Why Reinforcement Learning Fine-Tuning Forgets Less: Inside MIT’s “RL’s Razor”
What makes RL forget less than supervised fine-tuning?
It stays closest to the original model in KL-divergence on the new task—every update is a small, on-policy re-weighting rather than a lunge toward an arbitrary label distribution.

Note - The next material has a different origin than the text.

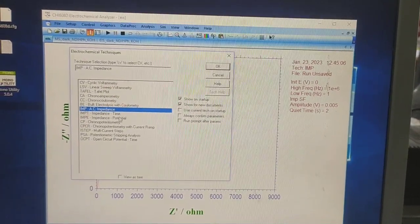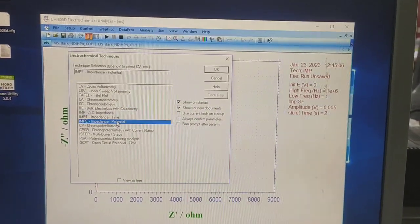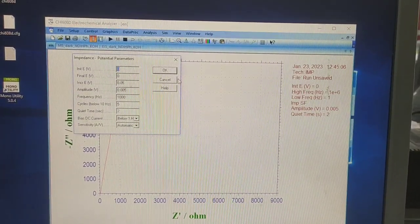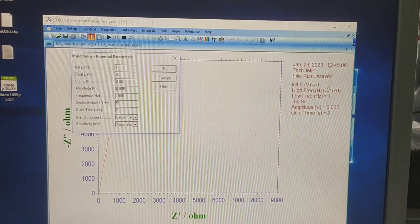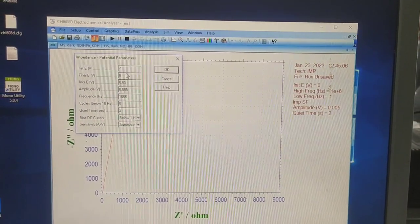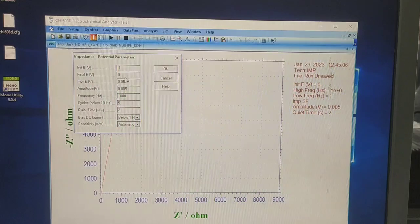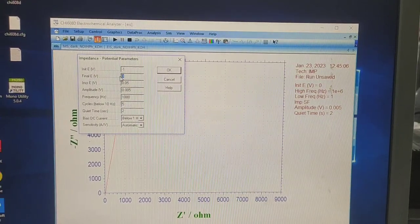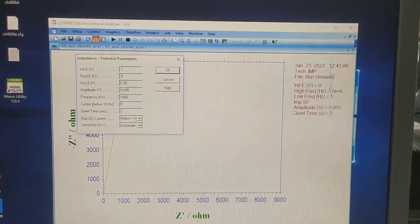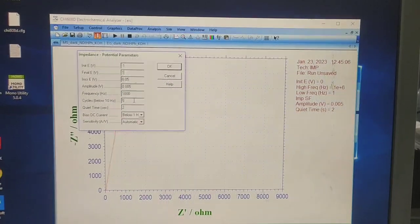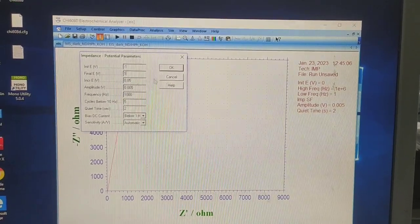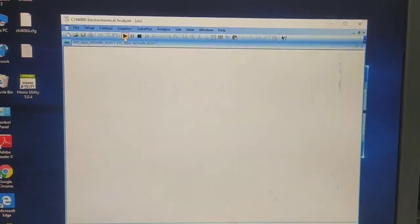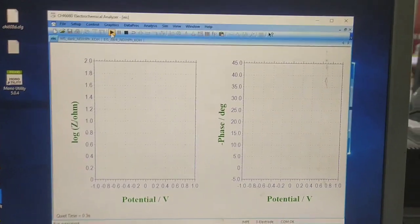Now let us record another experiment, that is impedance versus potential. Let's take the initial voltage minus 1 and final voltage 1, and the rest of the things we don't need to change. By recording this experiment we can plot the Mott-Schottky plot.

1 The Catastrophic-Forgetting Pain Is Still Real
One-sentence takeaway
Foundation models learn new tricks quickly, but they also lose old ones—unless you train with on-policy RL.
Summary
-
Post-training is now the default path to adapt large models. -
Supervised Fine-Tuning (SFT) is easy to implement but notorious for erasing prior capabilities. -
Previous remedies (weight regularizers, replay, adapter layers) help only partially and add tuning burden. -
We still lacked a single, measurable lever that reliably predicts how much will be forgotten—until now.
Author reflection
“We began this project suspecting parameter distance was the culprit. After ablating everything from Fisher-weighted L2 to activation drift, nothing correlated with forgetting better than a humble KL measurement on the new task alone. That counter-intuitive moment reshaped our entire fine-tuning pipeline.”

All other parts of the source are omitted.